DATA FOR ANALYSIS:
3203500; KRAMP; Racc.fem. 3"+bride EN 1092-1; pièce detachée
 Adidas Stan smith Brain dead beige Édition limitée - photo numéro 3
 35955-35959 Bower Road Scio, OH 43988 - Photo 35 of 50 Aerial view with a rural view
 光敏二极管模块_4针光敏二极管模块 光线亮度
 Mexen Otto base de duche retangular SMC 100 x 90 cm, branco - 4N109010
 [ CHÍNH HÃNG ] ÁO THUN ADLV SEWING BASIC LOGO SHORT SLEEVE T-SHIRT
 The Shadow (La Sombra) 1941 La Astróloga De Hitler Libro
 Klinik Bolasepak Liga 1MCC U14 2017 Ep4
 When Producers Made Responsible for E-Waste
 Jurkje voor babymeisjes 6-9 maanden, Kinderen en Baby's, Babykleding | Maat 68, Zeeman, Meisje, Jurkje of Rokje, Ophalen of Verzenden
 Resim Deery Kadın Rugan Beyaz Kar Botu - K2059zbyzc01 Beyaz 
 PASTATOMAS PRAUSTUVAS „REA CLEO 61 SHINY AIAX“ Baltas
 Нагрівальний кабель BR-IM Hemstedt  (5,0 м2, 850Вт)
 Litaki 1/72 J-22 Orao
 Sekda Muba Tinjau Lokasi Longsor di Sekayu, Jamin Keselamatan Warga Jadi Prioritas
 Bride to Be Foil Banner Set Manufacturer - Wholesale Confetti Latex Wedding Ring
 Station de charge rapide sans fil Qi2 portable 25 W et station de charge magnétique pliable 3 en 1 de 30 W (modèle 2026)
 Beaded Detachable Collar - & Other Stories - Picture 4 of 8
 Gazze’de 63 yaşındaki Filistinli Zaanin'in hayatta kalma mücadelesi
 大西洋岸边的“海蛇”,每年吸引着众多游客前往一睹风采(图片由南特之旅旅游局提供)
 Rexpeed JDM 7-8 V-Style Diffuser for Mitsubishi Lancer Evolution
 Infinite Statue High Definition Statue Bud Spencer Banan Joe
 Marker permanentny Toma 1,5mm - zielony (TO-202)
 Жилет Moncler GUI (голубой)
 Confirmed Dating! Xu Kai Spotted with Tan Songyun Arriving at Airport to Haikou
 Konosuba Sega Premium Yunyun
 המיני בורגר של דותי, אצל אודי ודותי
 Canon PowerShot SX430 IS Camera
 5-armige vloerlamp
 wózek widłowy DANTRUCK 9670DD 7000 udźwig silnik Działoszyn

WORK TO BE COMPLETED:
What you give back should be exactly the lines from the one with "Жилет Moncler GUI (голубой)" through the final line of the listing, and no others.

RESPONSE BOX:
 Жилет Moncler GUI (голубой)
 Confirmed Dating! Xu Kai Spotted with Tan Songyun Arriving at Airport to Haikou
 Konosuba Sega Premium Yunyun
 המיני בורגר של דותי, אצל אודי ודותי
 Canon PowerShot SX430 IS Camera
 5-armige vloerlamp
 wózek widłowy DANTRUCK 9670DD 7000 udźwig silnik Działoszyn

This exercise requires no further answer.